= DATASET CONTENT =
-.-.-
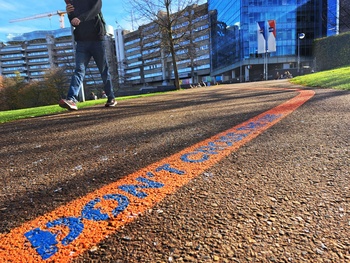 Grensoverschrijdend gedrag aan de VUB: de universiteit diende zelf klacht in tegen studentenkring Solvay. Op de campus aan de Triomflaan loopt ondertussen prominent een sensibiliseringsactie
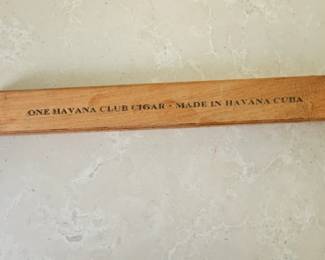 Alfred Dunhill Cuban Cigar in Wooden Case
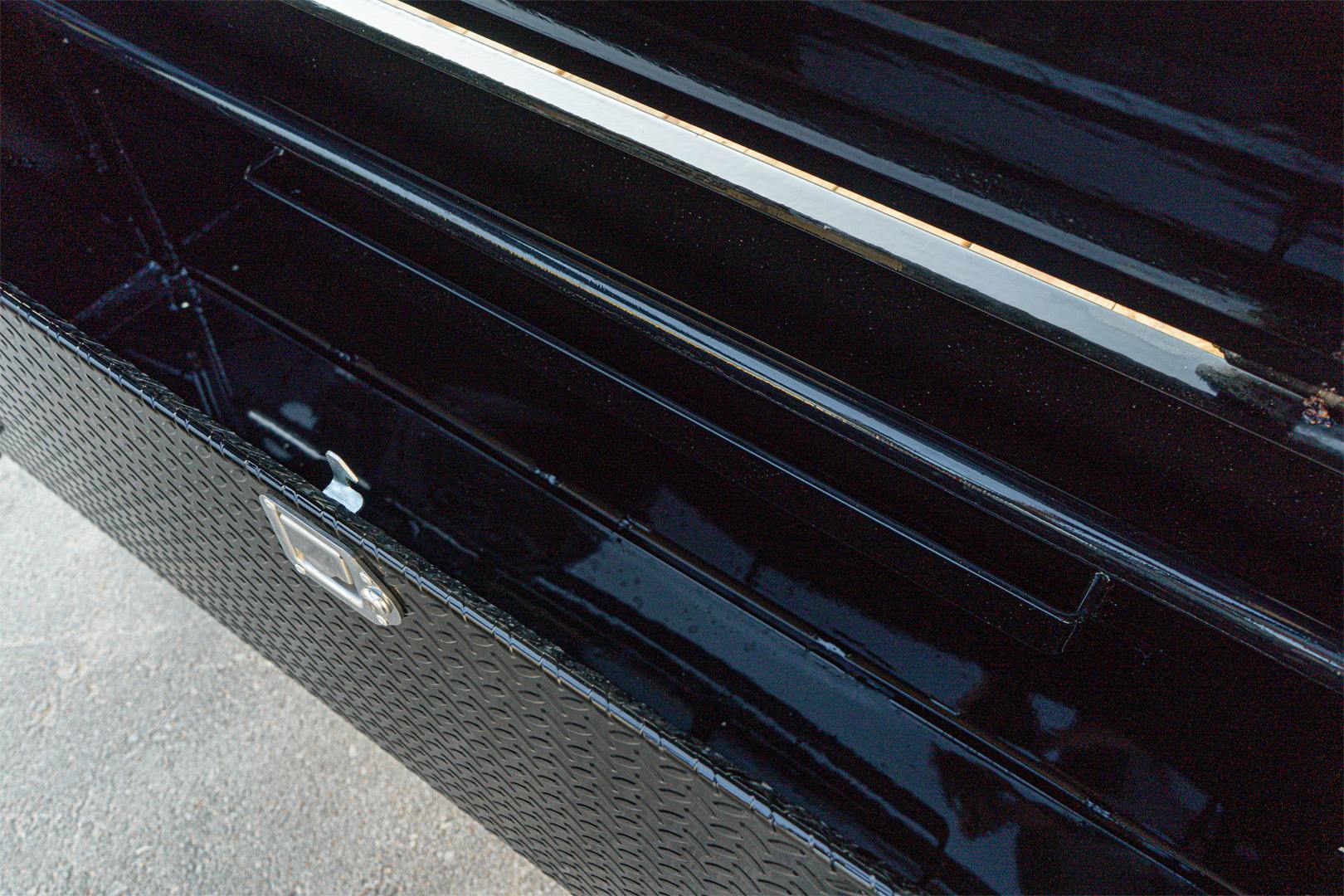 PJ Trailers 25'x102" Gooseneck Low Pro Flatbed Trailer w/ Singles (LS) - Stock #92729 - Image 15 of 27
-.-.-
= TASK TO COMPLETE =
Strip the images and return the remaining data exactly.

= ANSWER FOR THIS EXERCISE =
 Grensoverschrijdend gedrag aan de VUB: de universiteit diende zelf klacht in tegen studentenkring Solvay. Op de campus aan de Triomflaan loopt ondertussen prominent een sensibiliseringsactie
 Alfred Dunhill Cuban Cigar in Wooden Case
 PJ Trailers 25'x102" Gooseneck Low Pro Flatbed Trailer w/ Singles (LS) - Stock #92729 - Image 15 of 27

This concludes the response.